**SUPPLIED MATERIAL:**
• • • • • • •

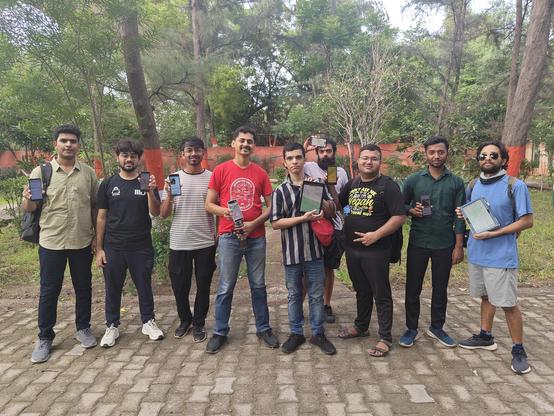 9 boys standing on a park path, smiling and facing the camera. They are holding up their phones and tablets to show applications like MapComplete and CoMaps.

• • • • • • •

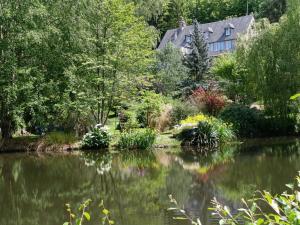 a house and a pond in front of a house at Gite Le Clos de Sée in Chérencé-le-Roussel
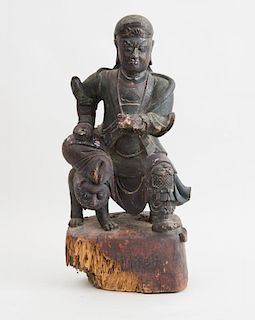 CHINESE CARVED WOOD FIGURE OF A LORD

• • • • • • •

**PROBLEM DESCRIPTION:**
Transcribe, word for word, the lines of the listing above from the one that contains "a house and" through the one that contains "CHINESE CARVED WOOD FIGURE OF A LORD", keeping both ends and dropping the pictures.

**COMPLETED TASK:**
 a house and a pond in front of a house at Gite Le Clos de Sée in Chérencé-le-Roussel
 CHINESE CARVED WOOD FIGURE OF A LORD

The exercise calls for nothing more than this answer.